Courtesy of Epic Records
Courtesy of Epic Records

From desperately attempting to save the soul of a person struggling with drug addiction to doubting the benevolence of a supposedly kind and nurturing God, the Fray have taken us through some of life’s deepest emotions and most challenging experiences with many of their widely recognizable songs. The band has already established itself as a groundbreaking pop-rock phenomenon, but with the Fray’s newest album has once again been challenged to improve and evolve. This task is easier said than done, and it is difficult to fathom how a band that has already achieved such high commercial acclaim can improve. Despite the odds, the Fray have once again managed to build upon their success instead of falter.

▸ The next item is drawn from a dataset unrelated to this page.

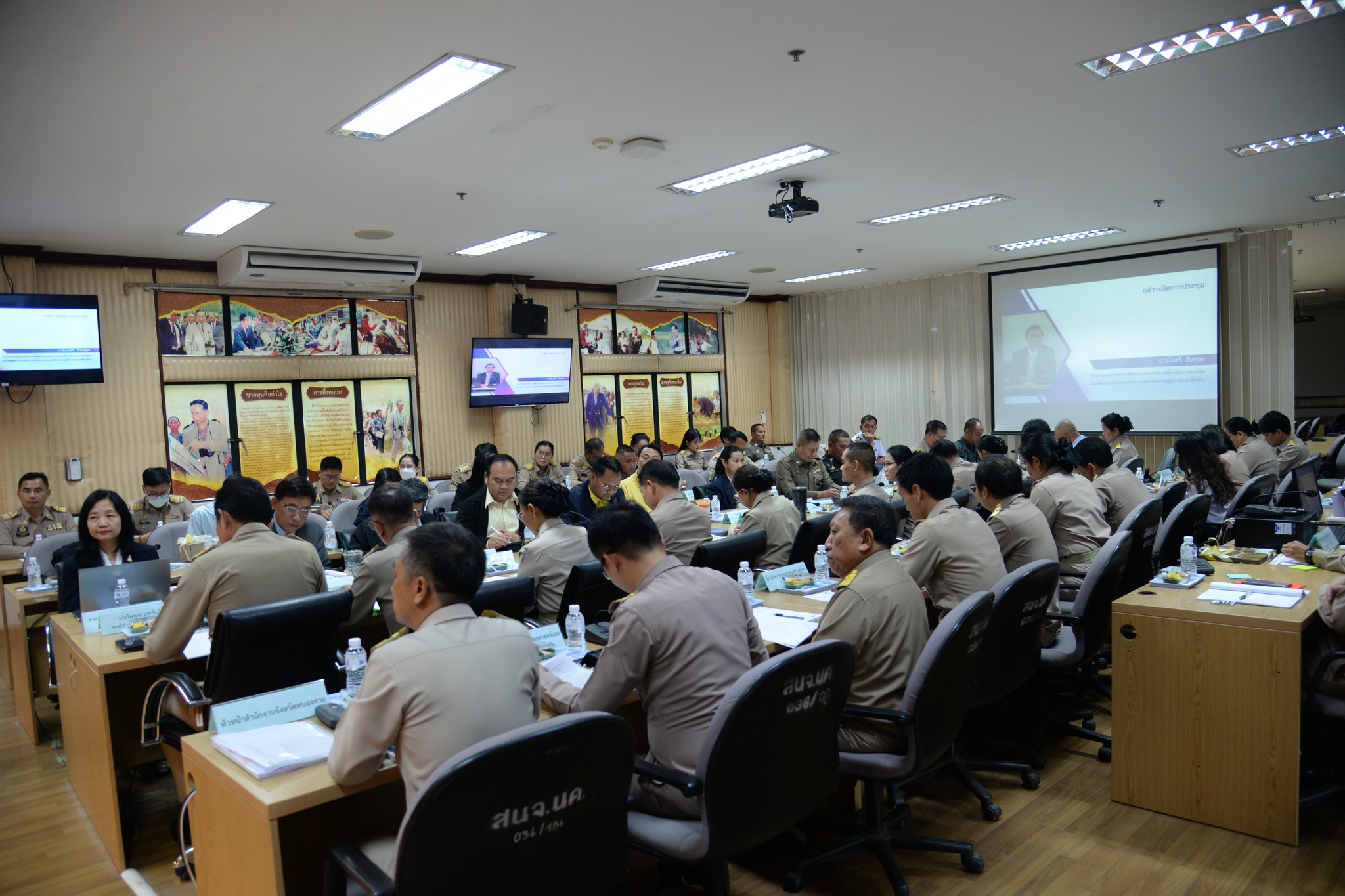 พช.หนองคาย ร่วมการประชุมรับฟังผลการดำเนินงานพัฒนาศูนย์ข้อมูลสำหรับการบริหารงานเชิงพื้นที่ของจังหวัดแบบบูรณาการ (Province Data Dashboard) และติดตามการขับเคลื่อนประเด็นนโยบายสำคัญ (Agenda) เรื่องการพัฒนาดิจิทัลของจังหวัดหนองคาย
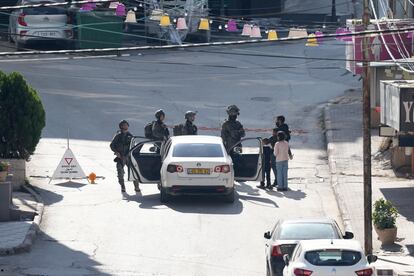 Soldados israelíes registran a miembros de una familia palestina en Tulkarem (Cisjordania), el 28 de enero.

It is rare to find a band that has the ability to produce lyrics that truly illustrate the hardships of life, all while backing them up with raw talent and power. “Helios” is an album that maintains this power and lyrical artistry throughout each and every track. Lead singer Isaac Slade, more commonly known by his last name Slade, is an artist who frequently draws upon personal experiences and incorporates them into his songwriting. This insight into the singer’s life is most clearly demonstrated in “Wherever This Goes” when he sings, “I’ve been here forever / Afraid to be my father / And afraid to leave him too.” The result of words like these is a compilation of tracks that speak of genuine experiences that are truly relatable, and easy to vicariously live out  through his honest and emotional lyrics.

In “Helios,” Slade outright addresses sensitive subjects that most people dance around. Instead of hinting at his feelings, he sings on the track “Break Your Plans” that, “I wish I had cheated / At least that’s a reason / I’d understand why you’re leaving now.” These lyrics take the audience by surprise, allowing listeners to feel the singer’s emotional distress. “Helios” has multiple powerhouse songs that are worthy of being overplayed on the radio — with their powerful hooks, energy and relatability, the tracks on “Helios” have the potential to compete with any popular song on the radio at the moment. The standout track of the album is “Love Don’t Die,” which will please fans of the pop-rock genre with its upbeat vibe, catchy chorus and love-inspired lyrics. Other tracks on the album that also prove to be radio-worthy are “Hold my Hand” and “Break Your Plans,” which have the Fray’s heartfelt lyrics and powerful choruses.

Not only has the band proven itself to be consistent with producing incredible lyrics, but the Fray have experimented with new musical elements that prevent the album from being repetitive. “Helios” offers a refreshing change of pace with its incorporation of electronic instrumentation that might remind listeners of Muse or U2. The low electronic synth vibrations in the album are reminiscent of Muse’s “Madness,” while the clear and resonating guitar tones give listeners a similar sound to U2’s guitarist, the Edge. Tracks like “Hurricane” demonstrate these qualities, along with other tracks like “Give It Away,” which heavily incorporates funk music that beckons listeners to tap their feet to the rhythm. The incorporation of these different styles in “Helios” has thrown the Fray into new musical territory that has not been explored in any of their previous albums.

Before listening to this album, I thought the Fray’s golden age was long over. Thankfully, I was proven dead wrong. Despite being faced with the odds of meeting their past levels of success, “Helios” not only lives up to the excellence of previous albums, but surpasses them.